I bring this up because somehow people act like oppressive government is some kind of science-fiction future that (conveniently) will be brought about by people they disagree with, despite the fact that those people don’t have much of a track record of achieving it. Meanwhile oppressive governments exist today and almost always follow a well-trodden path that we can study and avoid, if we stopped fantasizing about imaginary threats.



You don't think the people that drove the October and Cultural revolutions could be termed 'activists'?

And it is folly to believe that because things developed a certain way in, say, Russia, they will develop the same where circumstances differ. For example, despite your dismissal of activists' influence, Scotland criminalized expressions of 'hate', even within private homes [1,2], and there are innumerable anti-discrimination laws in the US, that arguably conflict with the constitution's free association provision. Couple a law such as the Scottish hate crime bill with panopticon surveillance, and the results are chilling.

[1] https://www.bbc.com/news/uk-scotland-scotland-politics-56364...

[2] https://www.thetimes.co.uk/article/hate-crime-bill-hate-talk...


Activist gives the vision of someone mostly working within a system to change it even if they have more radical sympathies. I’d just consider the aforementioned events done by “revolutionaries”.


I think by the time you get to Lenin and (shudder) Stalin, you have reached something qualitatively different from what HN posters today think of as "activists". The Bolsheviks were not "intellectual activists gone wild." Rather they were the opportunists who took over in the place of activists only after a traditionalist regime had killed or imprisoned the less-effective intellectual activists, many of whom were analogous to the sort you see online today. And although the rhetoric of a Stalinist regime appears left wing, its actions follow pretty much the same playbook as every modern authoritarian regime: persecuting ethnic and religious minorities, policing democratic dissent, railing about external threats as a means to suppress internal political opposition, etc.

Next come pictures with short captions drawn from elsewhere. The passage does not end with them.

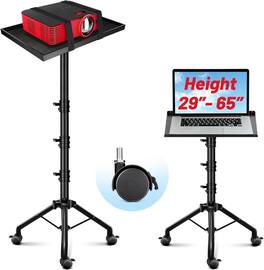 FINEAK - 29-65in Adjustable Projector Tripod Stand with Casters - Portable for Laptop and DJ Equipment - Black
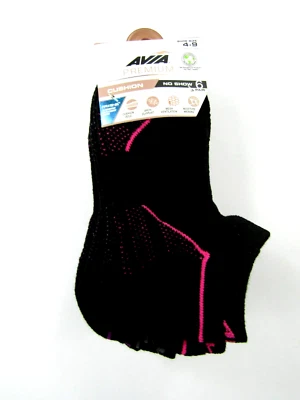 Avia Premium Cushion No Show Socks 6 Pack Black Shoe Size 4-9 Women Fresh New - Image 1 of 4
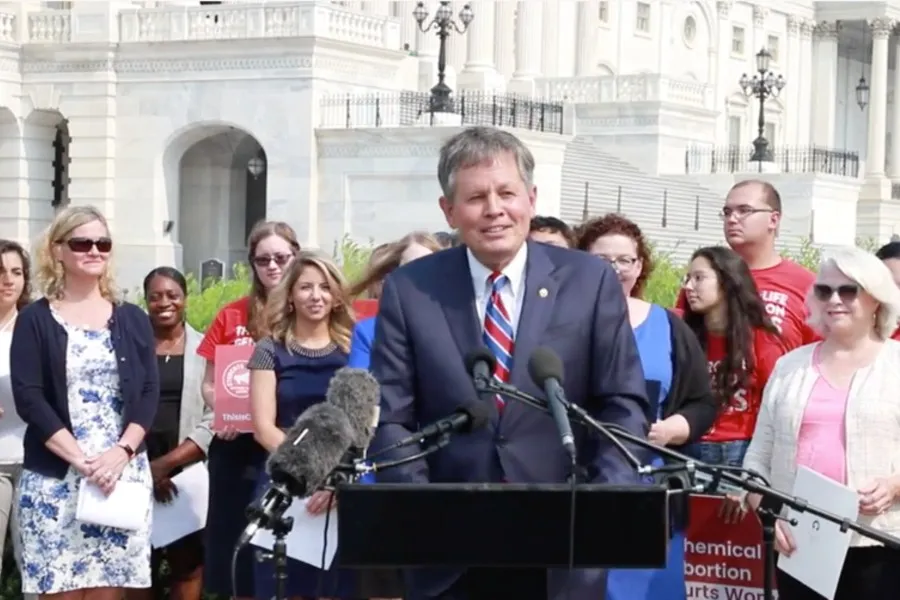 Sen. Steve Daines (R-Mont.) at a July 21, 2021 press conference introducing the Protecting Life on College Campus Act of 2021, outside the U.S. Capitol building?w=200&h=150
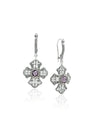 Amethyst 925 Sterling Silver Three-Petal Filigree Cross Dangle Earrings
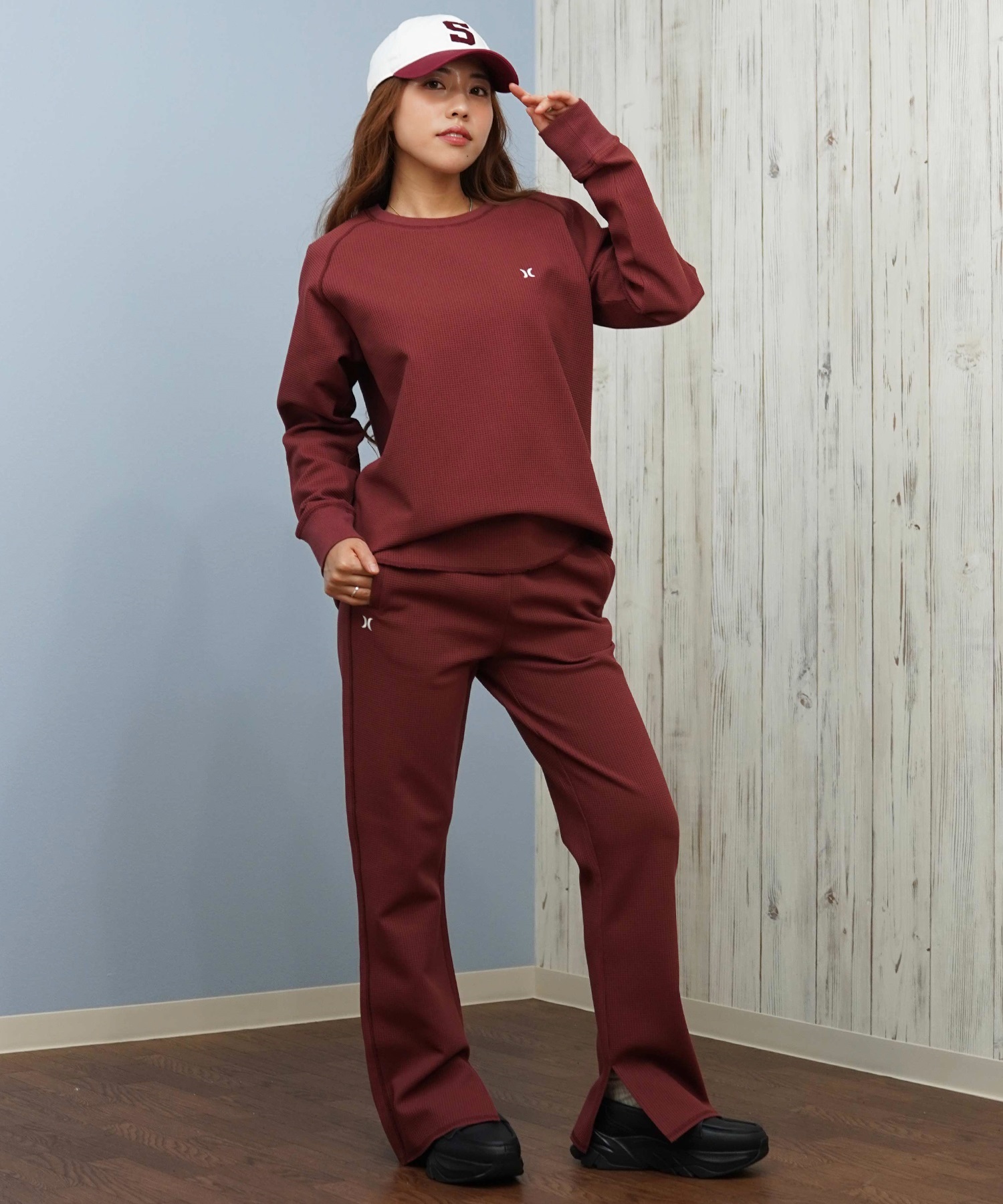 Hurley ハーレー ロングパンツ レディース サーマル ワッフル素材 ロゴ ワンポイント セットアップ対応 THERMAL PANTS WCPT252049(OWHT-M)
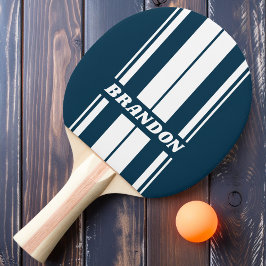 Retro Marine Dubbele Board Strepen met Naam Tafeltennisbatje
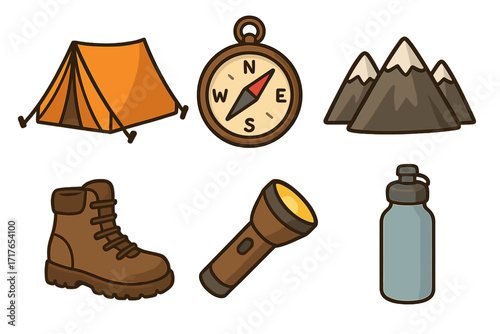Camping and hiking icon set. Essential outdoor adventure gear. Collection of vector icons including tent, compass, mountains, boot, flashlight, and water bottle.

No true Scotsman would ever persecute a minority or crack down on dissent!


I think there is also a danger in saying "that man has a thick brogue, and therefore I suspect that they will engage in genocide like Angus McMillan." It's better to look at the patterns of behavior that lead to people (and groups) engaging in terrible behavior. Despite the panic I see on HN, I see are relatively few examples of people springing from "liberal speech policing [like e.g., what we see today on Reddit and Twitter]" to authoritarian rule, without lots of important intervening steps. Yet there are lots of real authoritarian governments in the world today whose path can be studied, in case you want to look for more real-world evidence of how the process typically happens.


I mean, you don't seem to suggest the cultural revolution wasn't real, or the persecution of Uighers today isn't very real and both of those movements were/are very focused on careful control of speech, which was also true under the USSR and even Russia today (despite significant differences in party line and government).

The line between speech control and authoritarian rule is not very large. Hungary which is currently diaplaying some authoritarian streaks is also engaging in speech and press control.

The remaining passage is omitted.